Utah Athletics announced a seven-year apparel partnership with adidas beginning July 1, 2027, replacing its expiring Under Armour contract. The deal includes an integrated NIL component that routes payments directly to athletes—a contract structure that is becoming standard architecture in Power Four apparel negotiations.
The announcement arrives twenty-nine months before switchover, giving adidas time to design custom kits and establish athlete relationships before Under Armour's final season in 2026-27. Utah did not disclose the total contract value or the NIL allocation percentage, but comparable recent adidas deals at peer institutions—Louisville's $160 million over ten years, Kansas's $196 million over fourteen—suggest Utah's annual average lands between $15 million and $18 million when NIL and product allocations are combined. The NIL component likely represents 10-15% of total deal value, consistent with Miami's adidas structure announced last year.
The embedded NIL language matters because it shifts institutional compliance risk. Traditional apparel deals paid the athletic department, which then managed separate NIL collectives funded by boosters. Bundling NIL into the manufacturer contract means adidas assumes reporting obligations and the school books guaranteed athlete payments as part of its sponsorship revenue. For CFOs and compliance directors, this is cleaner: one contract, one audit trail, no donor variability. For adidas, it's a defensive moat—athletes wearing the brand in social content become contractual deliverables, not goodwill.
Utah's timing also reflects adidas's targeted push into the Mountain West and Big 12 recruiting corridors.

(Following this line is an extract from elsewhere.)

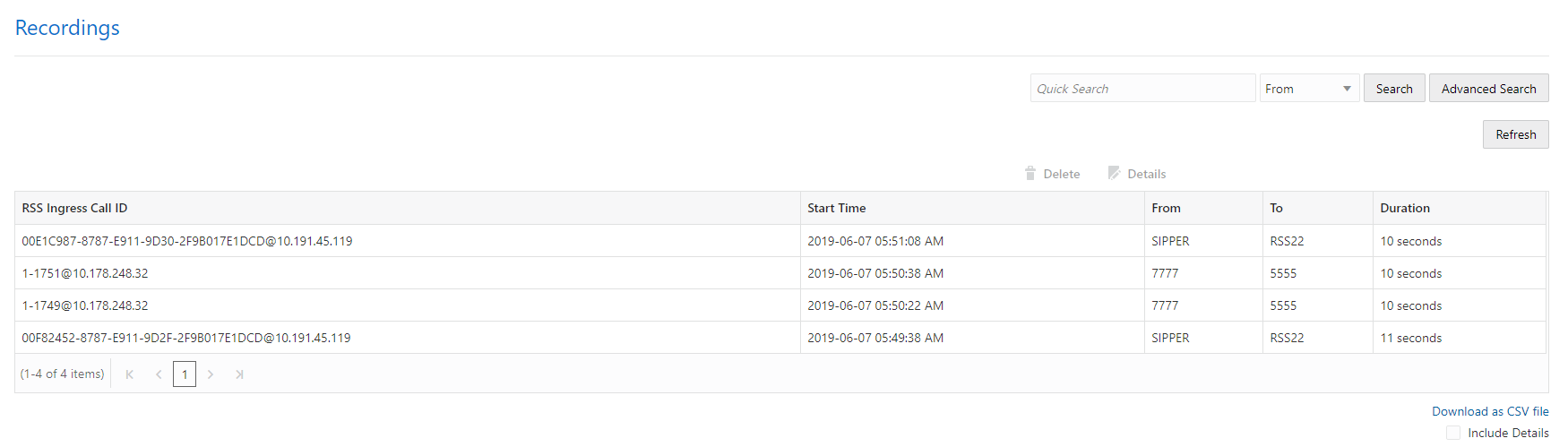 This screenshot shows the Recordings page. This screenshot shows the Recordings page.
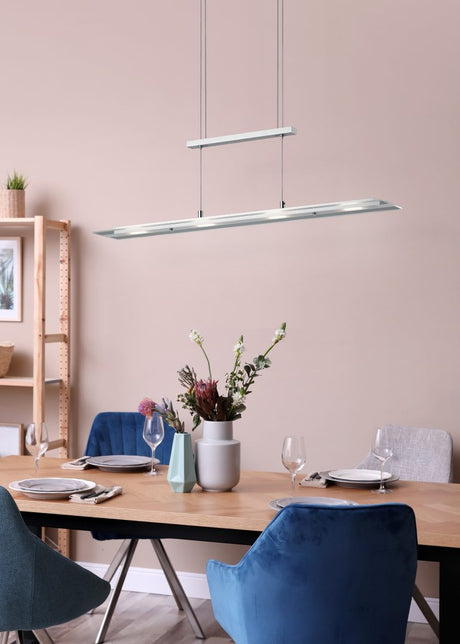 Lámpara de techo colgante Trio Milos LED níquel mate 3000K 170cm R32004107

The company holds four of the current Big 12's sixteen schools and needed a western anchor after losing UCLA to Jordan Brand in 2021. Utah brings football visibility, a basketball program that has reached three NCAA tournaments since 2020, and proximity to IMG Academy's west coast pipeline. adidas is not chasing every deal; it is buying specific zip codes.
Under Armour's exit is orderly but strategic. The brand has shed eight FBS partnerships since 2022, including Auburn and Wisconsin, refocusing capital on Notre Dame, Navy, and Maryland—the Kevin Plank home-market cluster. Utah was always an outlier in that portfolio, signed during Under Armour's 2015 expansion phase when the company was trying to match Nike's scale. That strategy failed. Now Under Armour is a regional player with $5.7 billion in trailing revenue, down from a 2016 peak of $4.9 billion before restatements. The company did not bid to renew.
What to watch: Utah will name an adidas liaison—likely an assistant AD—by fall 2025 to coordinate athlete onboarding and social media deliverables. Expect the first kit reveals in spring 2027, timed to recruiting dead periods. Adidas will also need to close at least two more western deals before the contract activates to justify the regional logistics spend; watch for movement at San Diego State or UNLV, both of which have apparel contracts expiring in 2026.
The structure of this deal, not its dollar figure, is the sharper signal. Apparel companies now pay athletes directly, not through middlemen, because the cost of losing that relationship to a collective or agent-brokered side deal has become too high.
The takeaway
Utah's adidas deal embeds NIL payments into the institutional contract, shifting compliance burden to the manufacturer and setting a model for future apparel negotiations.